Trump was never supported, much less elected, by a majority of Americans. He didn't even get the majority of votes in the election he won. The American political system was explicitly designed not to empower the will of the majority, because that would have been an existential threat to the status quo (slavery) at the time.

And while it might be nice to claim that we should be civil participants in a battle of ideas, it would be naive to ignore the effect of centuries of gun culture and polarizing neo-reactionary rhetoric on American politics. Regardless of what the founding fathers may have intended (and notwithstanding that they disagreed on many things) a lot of Americans believe political violence is a necessity and a virtue. They lecture people on the virtues of guns after every school shooting, and speak wistfully about "watering the tree of liberty with the blood of tyrants."

America has been edging itself with talk of a "cold civil war" for years now. It's like a morbid game of chicken.

3 comments

> The American political system was explicitly designed not to empower the will of the majority, because that would have been an existential threat to the status quo (slavery) at the time.

This whole retelling of history exclusively through the lens of the slavery is getting super old. It is divisive, it’s a form of revisionist history, and it’s wrong.

Read about the Northwest Ordinance, the provisions in it banning slavery in the 1780s were ultimately adopted verbatim into the Thirteenth Amendment. Or the actions of the founders including John Adams who put their lives on the line to fight against slavery. And the numerous states that made it illegal at the time of the nation’s founding.

There’s a lot more to history than the over-simplified retelling about how the radical pace of social change in the 18th century wasn’t somehow fast enough for our 2024 sensibilities.

The founders feared the will of the majority partially because they saw the instability in France and recognized the dangers of mob rule.

Within a few years of the drafting of the constitution, the reign of terror began.

The majority isn't always right.

Your history is wrong.
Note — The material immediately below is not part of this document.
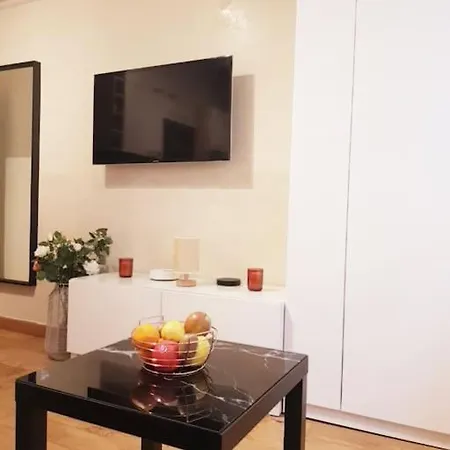 Montmorency Apartmán *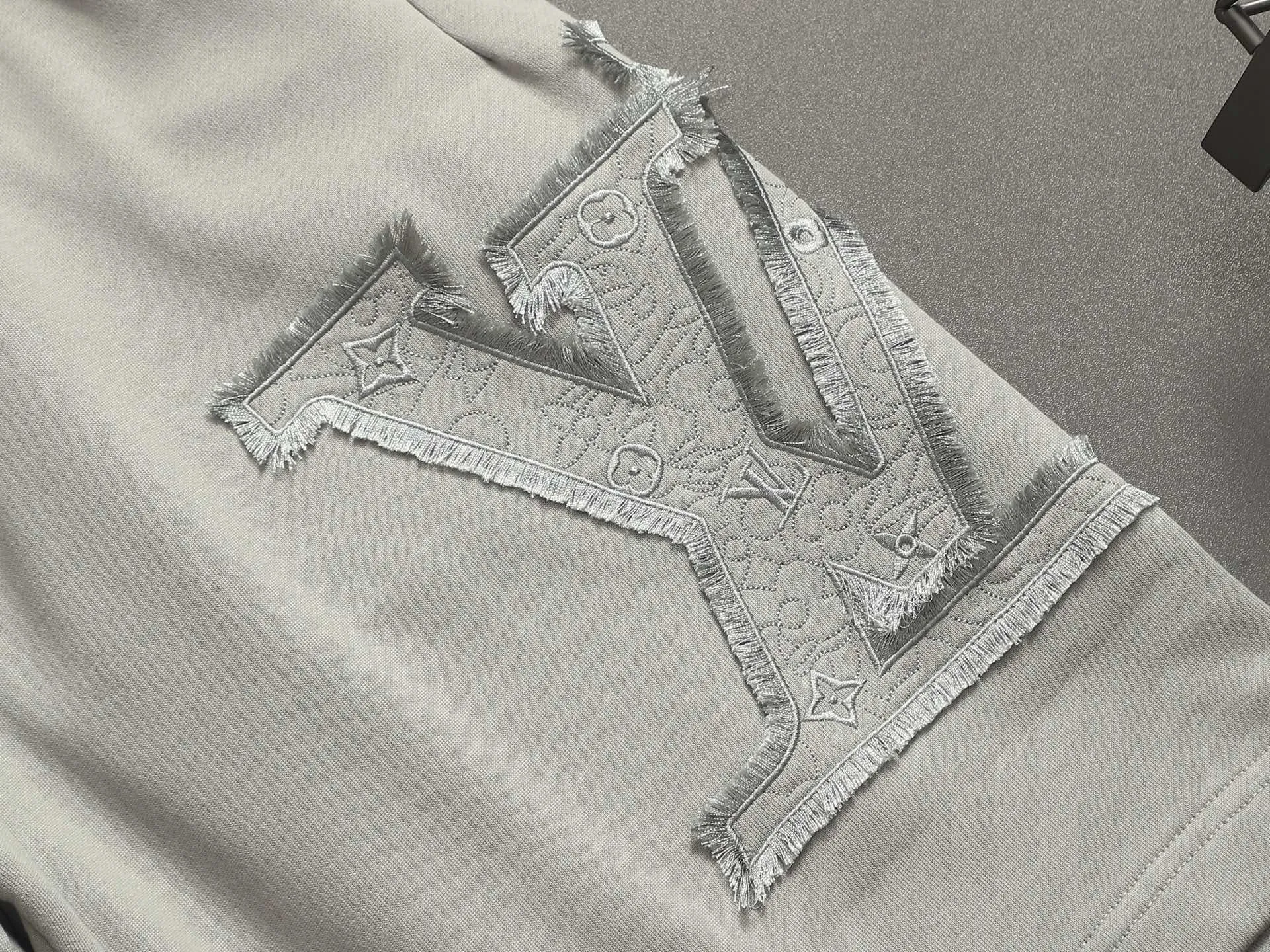 [Higher version] Louis Vuitton/Louis Vuitton 2026SS New Arrival terry shorts, customized fabric using wafer cloth weaving, advanced hand-cut patchwork embroidery technology, tight and three-dimensional version, customized trouser cord hardware with strong texture, smooth, comfortable and Breathable upper body, concave and convex three-dimensional sense, fashionable and casual wear Color: Black White Avocado Color Sizes: S M L XL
The French Revolution did not begin until May 1789. The US Constitution had been adopted in March 1789.

Even if there had been instantaneous communication (and we’re talking a 2+ month communication lag), the framers were not influenced by the French Revolution at all.

When looked at in terms of actual writings from the time, the protection of property owners — including enslavers who claimed humans as property — was a key part of how the US Constitution was ultimately accepted.

Read my comment again.

I said within a few years of being drafted. That's accurate.

Instability was apparent before the blood actually began flowing.

Rule by minority seems implicitly less just than rule by the majority - as rule bmy minority converges towards authoritarianism.
Looks like you're getting down voted a lot for this but it's all true. Trump only became president because the electoral college weighs geography higher than population. So does the senate.
The concept is less surprising when degressive proportionality (https://en.wikipedia.org/wiki/Degressive_proportionality) happens to be fairly common.

Election system that give weight to geography is generally done so to encourage cooperation where people otherwise would prefer going alone. Both EU and US have large historical reasons to unify low population regions with a lot of natural resources with high population regions. Same is true in Germany, Iceland, Sweden and so on, all with varied degrees of giving weight to geography.